Il progetto fornisce il supporto e il rafforzamento delle capacità personali e manageriali di 100 giovani con lo scopo di creare almeno 40 aziende e 280 posti di lavoro diretti e indiretti. La creazione di occupazione è una priorità del Governo tunisino e uno degli assi di intervento principali della Cooperazione italiana nel Paese, in particolare nei Governatorati svantaggiati come Medenine e Tataouine, che hanno registrato dei tassi di disoccupazione allarmanti negli ultimi anni. Il rappresentante dell’AICS, Alessia Tribuiani, Responsabile del Settore Sviluppo Economico presso l’Ufficio regionale di Tunisi, ha sottolineato che questo progetto “è parte del nuovo approccio della Cooperazione Italiana per lo sviluppo dell’inclusione finanziaria attraverso la promozione dell'economia sociale e solidale e la creazione di strumenti finanziari innovativi per lo sviluppo di piccole e microimprese”.

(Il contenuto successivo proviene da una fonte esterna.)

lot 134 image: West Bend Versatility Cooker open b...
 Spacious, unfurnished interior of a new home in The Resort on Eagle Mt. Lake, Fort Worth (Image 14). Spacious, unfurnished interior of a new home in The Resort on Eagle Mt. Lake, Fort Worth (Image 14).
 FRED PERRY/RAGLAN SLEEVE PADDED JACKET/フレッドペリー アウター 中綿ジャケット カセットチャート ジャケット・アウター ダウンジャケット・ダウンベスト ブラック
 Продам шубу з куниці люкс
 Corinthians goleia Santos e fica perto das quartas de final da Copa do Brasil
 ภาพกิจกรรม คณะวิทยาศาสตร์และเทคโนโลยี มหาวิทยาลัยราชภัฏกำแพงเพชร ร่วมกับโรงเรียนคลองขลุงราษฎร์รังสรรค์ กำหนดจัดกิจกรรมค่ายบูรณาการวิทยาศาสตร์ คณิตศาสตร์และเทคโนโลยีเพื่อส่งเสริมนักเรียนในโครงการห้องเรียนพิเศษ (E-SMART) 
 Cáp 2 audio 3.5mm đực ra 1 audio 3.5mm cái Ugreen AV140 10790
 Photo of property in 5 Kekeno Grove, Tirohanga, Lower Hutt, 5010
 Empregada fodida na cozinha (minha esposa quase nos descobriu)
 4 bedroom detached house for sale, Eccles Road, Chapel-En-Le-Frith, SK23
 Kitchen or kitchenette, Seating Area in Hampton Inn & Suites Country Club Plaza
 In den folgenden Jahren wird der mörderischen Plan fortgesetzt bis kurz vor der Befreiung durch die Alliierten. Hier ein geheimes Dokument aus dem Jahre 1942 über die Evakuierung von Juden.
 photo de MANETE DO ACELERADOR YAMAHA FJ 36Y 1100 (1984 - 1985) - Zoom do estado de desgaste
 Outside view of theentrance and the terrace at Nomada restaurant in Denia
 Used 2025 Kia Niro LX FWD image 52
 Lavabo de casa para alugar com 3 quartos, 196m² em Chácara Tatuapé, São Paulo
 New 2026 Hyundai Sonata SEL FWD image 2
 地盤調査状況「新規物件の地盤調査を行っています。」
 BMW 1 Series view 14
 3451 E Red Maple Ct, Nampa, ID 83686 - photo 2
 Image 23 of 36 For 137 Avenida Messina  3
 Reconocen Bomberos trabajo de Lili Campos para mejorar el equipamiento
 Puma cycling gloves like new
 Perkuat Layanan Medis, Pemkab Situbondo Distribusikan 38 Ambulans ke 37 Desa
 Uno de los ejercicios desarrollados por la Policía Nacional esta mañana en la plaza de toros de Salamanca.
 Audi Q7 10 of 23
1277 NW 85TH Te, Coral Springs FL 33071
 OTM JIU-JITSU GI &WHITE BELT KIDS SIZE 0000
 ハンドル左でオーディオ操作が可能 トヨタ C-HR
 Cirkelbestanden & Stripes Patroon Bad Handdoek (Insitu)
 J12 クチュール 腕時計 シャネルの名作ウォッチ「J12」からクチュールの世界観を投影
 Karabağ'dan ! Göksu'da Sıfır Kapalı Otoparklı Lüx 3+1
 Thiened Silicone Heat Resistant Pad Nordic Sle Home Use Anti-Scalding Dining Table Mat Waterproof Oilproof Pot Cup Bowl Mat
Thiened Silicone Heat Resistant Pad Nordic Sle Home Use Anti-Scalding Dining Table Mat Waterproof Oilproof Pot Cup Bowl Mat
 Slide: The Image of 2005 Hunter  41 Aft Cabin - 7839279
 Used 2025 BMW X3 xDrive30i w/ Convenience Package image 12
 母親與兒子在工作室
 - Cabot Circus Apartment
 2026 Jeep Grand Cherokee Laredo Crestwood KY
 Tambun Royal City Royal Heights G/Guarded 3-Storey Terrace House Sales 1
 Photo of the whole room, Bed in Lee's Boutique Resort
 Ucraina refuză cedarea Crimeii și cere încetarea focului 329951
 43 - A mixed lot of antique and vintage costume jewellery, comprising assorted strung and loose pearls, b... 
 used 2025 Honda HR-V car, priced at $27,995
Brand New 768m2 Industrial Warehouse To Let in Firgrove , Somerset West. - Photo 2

Il Segretario di Stato tunuisino per la formazione professionale e l’iniziativa privata, nel descrivere la nuova Strategia Nazionale ha ricordato che "la creazione di posti di lavoro non passa solo attraverso grandi gruppi ma anche attraverso piccole imprese che garantiscono la coesione sociale nelle regioni". Da qui l’auspicio che  i nuovi posti di lavoro creati siano permanenti al fine di garantire la stabilità sociale e la crescita a lungo termine.

La sostenibilità del progetto è stato anche al centro dell'intervento della direttrice di UNOPS in Tunisia, Mariacarmen Colitti, che ha ricordato che “il progetto sta sostenendo gli sforzi del Governo per raggiungere gli obiettivi di sviluppo (SDG-Sustainable Development Goals) 8e9 sul lavoro dignitoso e sull'innovazione, ma anche l’SDG 5 sull'uguaglianza di genere. Infatti, in questo progetto, le donne rappresentano il 50% dei giovani beneficiari.” L'obiettivo del workshop era anche quello di capitalizzare le lezioni apprese da programmi e iniziative analoghe nella regione a sostegno dell'imprenditorialità. Il vivo dibattito è stato stimolato dai partner dell'Ufficio per lo sviluppo meridionale (ODS) e ANETI.